“Dock-to-stock” is the battle cry of every receiving department. Every fulfillment business regardless of size faces the same pressure to meet daily service levels.
The most critical element of efficient and accurate receiving is validating that the vendor has shipped the correct item and quantity based on purchase order requirements. Deviations from the purchase order create inaccurate inventory counts and delayed customer service.
Dock-to-stock turnaround time in best-of-class companies is two hours to receive, check in and put away product. Most ecommerce merchants should set a goal to clear the dock and staging areas in the same shift. This assumes limited quality assurance tasks which may require things like fabric inspection and measurements. However, the QA should be completed with 24 hours.
Here are 11 ways you can improve your dock-to-stock performance:
Adopt Vendor Compliance Policies
These policies typically address:
- Agreed technology formats: Advanced Shipping Notifications (ASN), barcode and EDI.
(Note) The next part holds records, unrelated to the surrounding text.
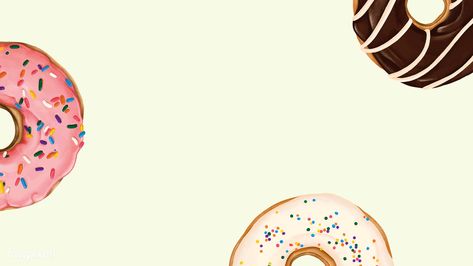 Doughnuts patterned on beige background vector | free image by rawpixel.com / Noon Green Tea Donut, Donut Wallpaper, Sprinkles Design, Pink Doughnuts, Donut Flavors, Cake Icon, Christmas Themed Cake, Donut Vector, Homemade Doughnuts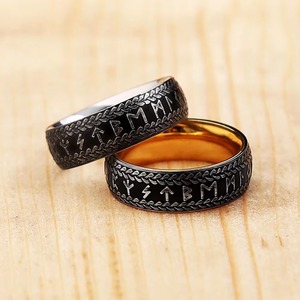 Bague en acier titane Yueli Vintage Rune pour homme, bijoux nordiques vieillis - Product Image 3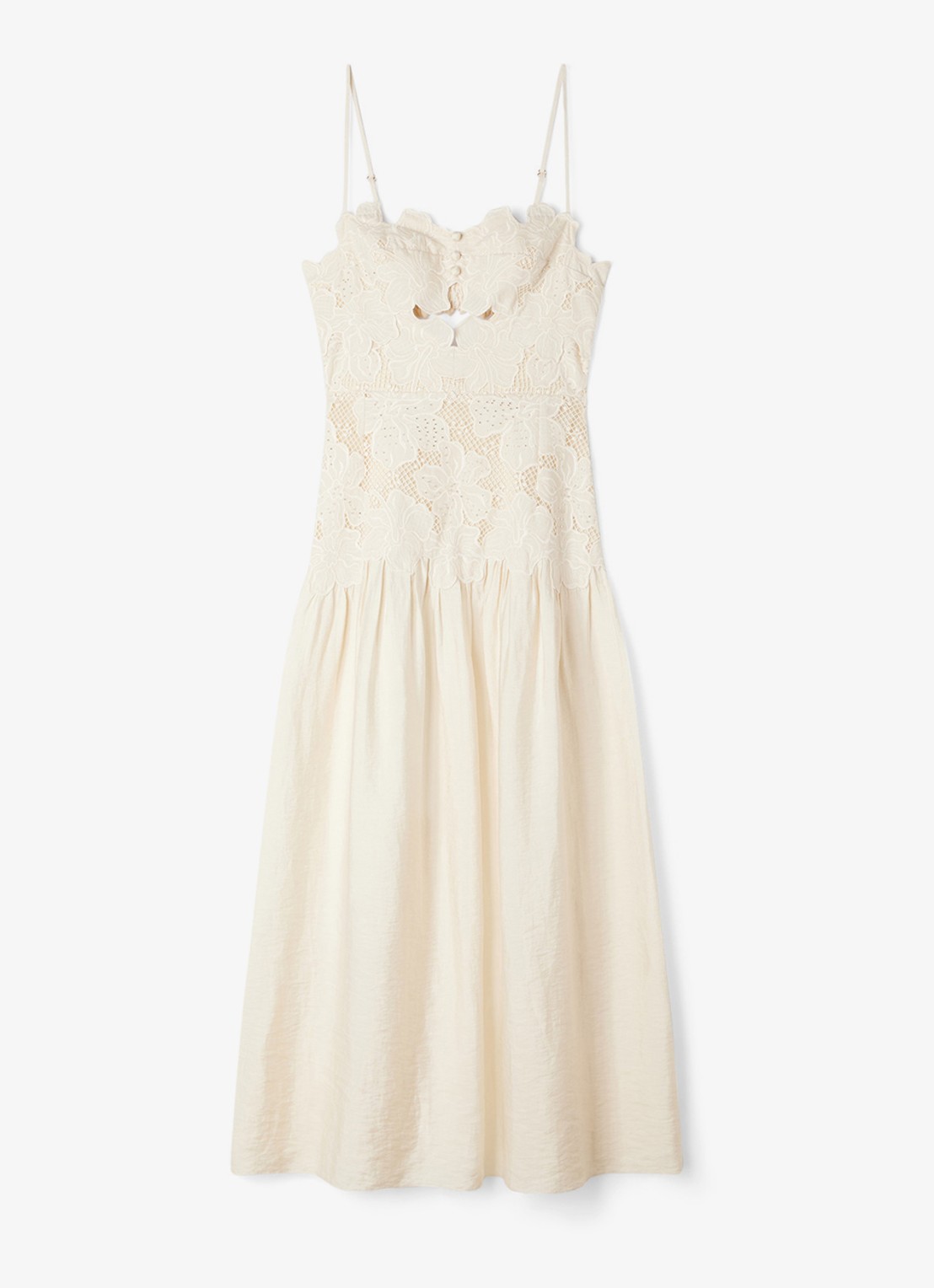 Sandro Midi jurk met bloemborduring - voorkant 5 beige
- Designated freight carriers: Do not leave carrier selection up to the vendor. They have little concern about cost or service and might be making a profit on shipping.
- Packaging specifications includes outer box specs to protect from damage or act as a ship-alone container.
- External carton labeling including purchase order number, SKU number and description, your company name and address, number of cartons identified as 1 of X, 2 of X, etc.
- A product specification sheet for quality assurance.
- Procedures and practices for quantity variances, damages and any other specifications when not met; may include chargeback policies.
- Return to vendor procedures.
Even the smallest merchant should consider vendor compliance policies such as inbound freight routing. Inbound freight is a considerable expense – every dollar saved using your carrier is profit.
Adopt ASNs: They are used to notify a retailer of incoming shipment of product. ASNs typically include PO numbers, item numbers and quantity and can be paper-based or electronic. This is one of the most beneficial process changes you can make.
Schedule trucking appointments: Every fulfillment center needs to know scheduled arrival dates for inbound freight to enable planning of labor and material handling equipment resources. In the absence of sophisticated planning and scheduling systems, use the open purchase order file printed in due date sequence. Larger facilities require carriers to either call for an appointment or have regularly scheduled daily deliveries such as small parcel carriers.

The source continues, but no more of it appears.